In the matter between:
RISENGA, RISIMATI
FORSTER
Plaintiff
and
MINISTER OF SAFETY AND
SECURITY
Defendant
JUDGMENT
NONYANE. AJ:
[1] Mr Risimati Foster Risenga (the
plaintiff) instituted an action against the Minister of Safety and
Security (the defendant)
for damages arising out of his unlawful
arrest and detention.
[2] At the commencement of the trial I
was informed by both Counsel for the plaintiff and defendant that the
plaintiff has withdrawn
Claim 2 of his particulars of claim and his
objection to the defendant's Notice of Amendments to the plea. The
plaintiff tendered
costs occasioned by such withdrawal. I was also
informed that the defendant has also waived its special pleas.

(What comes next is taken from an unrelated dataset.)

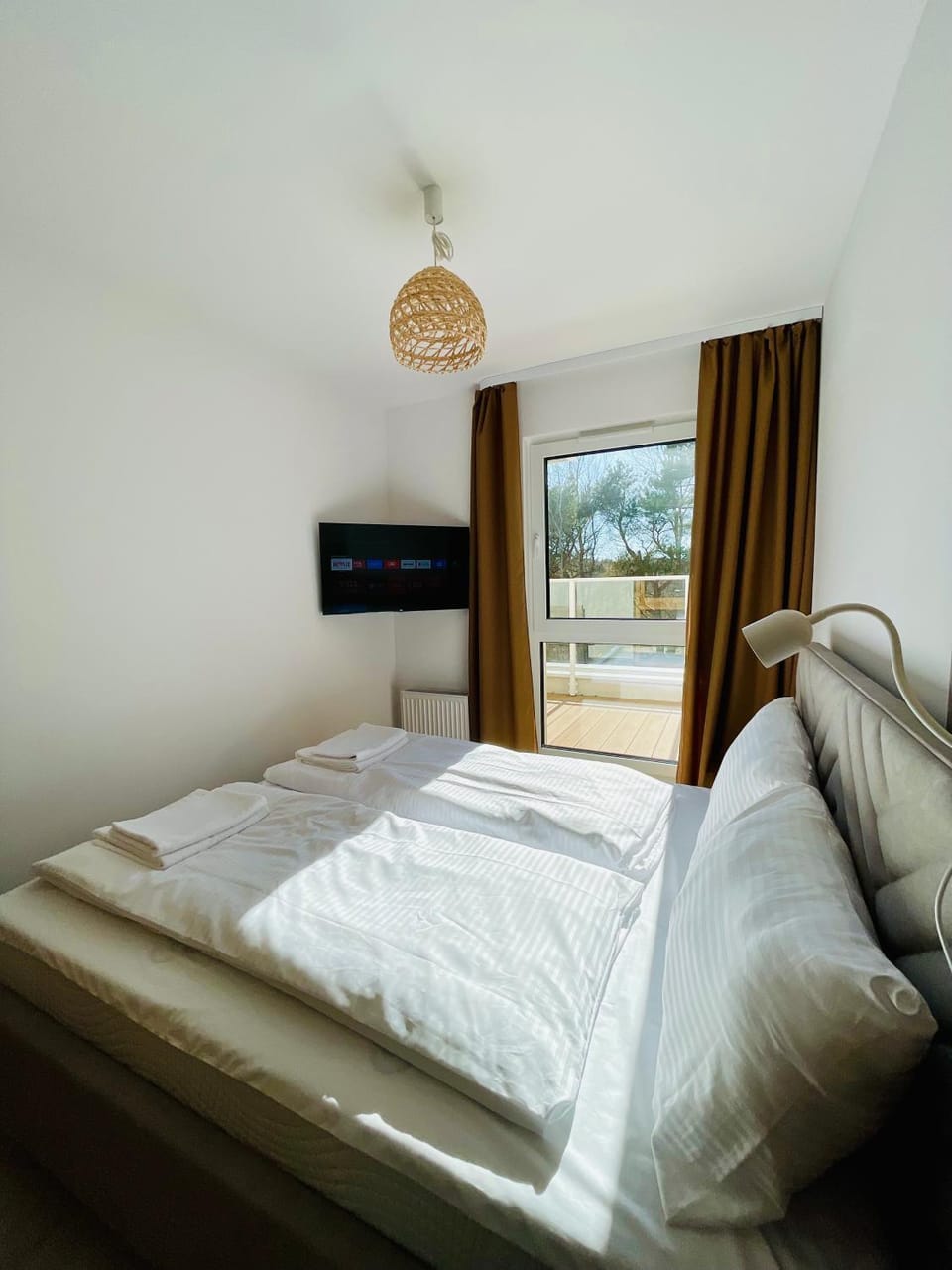 Bed, TV and multimedia, Photo of the whole room, Bedroom, towels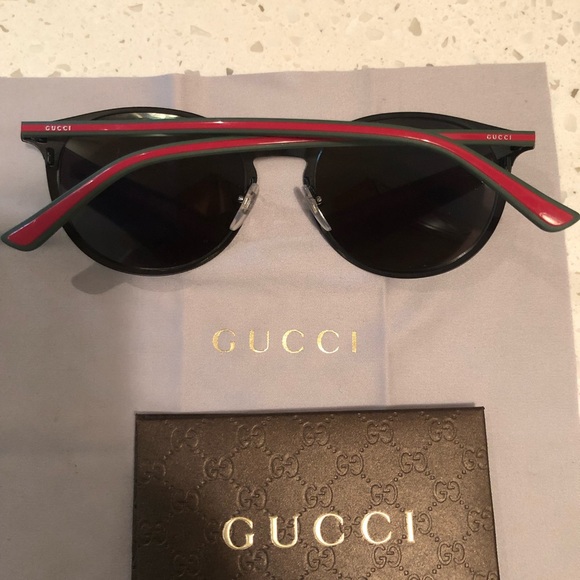 Gucci Sunglasses - Picture 4 of 5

[3] It is common cause between the
parties that the plaintiff was arrested without a warrant at Mamelodi
East on 08 February 2012
by Warrant Officer Ackerman (hereinafter
referred to as "Ackerman") acting within the course and
scope of his employment
with the defendant. It was also common cause
between the parties that the charges against the plaintiff were
withdrawn on the 19
June 2012.
[4] The issue that has to be
determined by the Court is the lawfulness of the plaintiff's arrest
and the subsequent detention.
[5] Plaintiff claims that he was
unlawfully arrested and detained for a period of two days.
[6] Defendant's defence is based on
the provisions of
Section 40(1)(b)
of the
Criminal Procedure Act 51
of 1977
as amended (hereinafter referred as "the Act")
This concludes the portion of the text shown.